Oil inventory numbers out in about 30 mins so watch those numbers as they will impact the indexes. Higher I suspect and lower for oil equities. Just a guess.


So just as I left yesterday, the market decided to turn around and head higher. Oh well, just another data point indicating how the bulls control this market and how they buy each and every dip.

Market internals closed mixed while GOOG got back about $6 from its recently lost gains. AAPL closed green while the brokers closed mainly lower with the exception of MS.

The NAZ and the semis continued to lag and closed in the red but look to have some jig this morning as they try to play catch up.

If you look at the DJIA chart with the pivot points inserted, you can see the lows forming at the second level of support near 12,400, oscillation and indecision near initial support at 12,420 and the highs near resistance at 12,480. The only way to daytrade these indexes is with the pivot points up on all the major mkt indexes and watching the ones that are in play. More times than not its the DJIA/SPX combo.

I intend to sit here and make some money today trading the YM- the Pivot Point is 12,540 with support and resistance about 40 points below and 60 points above.



Markets are bouncing around under the flatline with DJIA and SPX the best performing of the major market indexes and NDX and RUT the worst.

Strongest sectors continue to be metals oils and drugs while semis, airlines, retail, brokers, and internet act worst.

Market internals are well off their morning lows as 600 are net lower on NYSE and 950 are net lower on NAZ.

The OIH bounced off the $142 level but I wasn't quick enough to act. I will however look to buy any afternoon pullbacks for a swing trade higher.

Banks brokers and semis are all doing poorly causing me to forego any long daytrades and I don't want to short either so I will be probably be taking the rest of the day for errands.

Oh, and the best financial journalist. He is on Bloomberg TV early in the morning and is the clear speaking, not bullish or bearish Brian Sullivan. Check him out early in the morning instead of the CNBC bubblites.


As expected, the markets opened lower with the NAZ imploding the most and the DJIA hanging in the best.

Strongest sectors include metals, drugs, and oils which have flipped to green. To the downside are semis, retail, tech, airlines, internets, small caps and trannies.

Market internals have improved a bit but show red 1,000 on each the NYSE and the NAZ.

GOOG is trading flat while GS and AAPL are both down about 1%.

I am starting to search for some stocks that look interesting for 2007- one that certaintly deserves some work is AMGN. It is down for 2006 and every one is scared about dems and lowered numbers. We will see.

One other thing, a best and worst financial journalist for 2006. I will give the worst first. See picture above.


Markets are set to open lower on the heels of a crushing in the THAI Markets (down about 15%) and some ugly news from CC which probably is telling us the holiday selling season isn't going so great as BBY and WMT have also said some not so nice things about retail sales.
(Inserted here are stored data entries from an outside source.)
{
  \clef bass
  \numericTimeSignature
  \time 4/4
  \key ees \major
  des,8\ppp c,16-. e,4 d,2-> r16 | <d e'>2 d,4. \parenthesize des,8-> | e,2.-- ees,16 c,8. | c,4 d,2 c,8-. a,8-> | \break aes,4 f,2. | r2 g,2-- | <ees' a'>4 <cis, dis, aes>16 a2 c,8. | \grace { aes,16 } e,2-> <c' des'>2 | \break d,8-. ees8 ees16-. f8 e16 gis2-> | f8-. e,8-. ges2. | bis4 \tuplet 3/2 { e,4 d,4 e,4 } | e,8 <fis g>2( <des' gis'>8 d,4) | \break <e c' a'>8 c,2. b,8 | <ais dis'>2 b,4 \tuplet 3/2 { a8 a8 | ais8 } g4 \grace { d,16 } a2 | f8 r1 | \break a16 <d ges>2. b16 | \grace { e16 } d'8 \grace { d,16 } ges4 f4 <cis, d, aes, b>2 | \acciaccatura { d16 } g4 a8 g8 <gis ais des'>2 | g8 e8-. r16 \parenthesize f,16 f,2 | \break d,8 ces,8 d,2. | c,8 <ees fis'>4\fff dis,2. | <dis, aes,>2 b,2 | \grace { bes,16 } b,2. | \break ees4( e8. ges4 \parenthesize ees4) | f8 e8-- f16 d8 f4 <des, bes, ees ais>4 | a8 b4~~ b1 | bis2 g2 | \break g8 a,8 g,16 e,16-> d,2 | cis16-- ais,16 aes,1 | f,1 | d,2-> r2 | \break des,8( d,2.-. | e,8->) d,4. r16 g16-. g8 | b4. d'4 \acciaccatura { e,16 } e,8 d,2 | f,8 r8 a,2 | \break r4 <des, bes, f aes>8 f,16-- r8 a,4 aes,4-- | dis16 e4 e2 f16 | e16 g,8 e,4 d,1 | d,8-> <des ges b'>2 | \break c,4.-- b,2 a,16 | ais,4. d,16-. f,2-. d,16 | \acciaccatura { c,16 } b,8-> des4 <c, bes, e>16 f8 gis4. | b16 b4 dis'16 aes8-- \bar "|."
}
SPX Futures set to open lower by 5.25 and NDX lower by 13 as I type. The DJIA Futures are lower by 37 and if the internals are not too ugly, or start to rapidly improve, I will look to buy. My guess is the buyers show and take this market back up to yesterday's closing prices.



Markets sold off in the afternoon after the trusty market internals gave us the early heads up that this Monday gap up was going to be sold.

The DJIA was -4, NAZ-22 and SPX-5 while the small caps were down about 1.5% and the OIH sunk about 3.75% on the heels of warm spring like weather in the Northeast. I doubt the warm weather stays for long as I doubt the OIH stays down under $145 for very long as I will probably start a new position in OIH tomorrow if it opens lower.

Lots of debate today about whether we sell off into the last trading days of the year or hang in as the PM's try to protect bonuses. I am in the camp of bonus protection and expect the major market indexes to sit around these levels through year end. After all, buying any dip in the markets since the summer selloff has been a winner and I don't expect this one to be different.

Check the chart on the NAZ and the surprising information is that the index has done very little over the past month. Also, the 50 day SMA is only about 35 points under so that maybe a target once the new year starts.

And how about the superstar that is GOOG, up a whole 11.5% on the year lagging such big movers as XLE and OIH.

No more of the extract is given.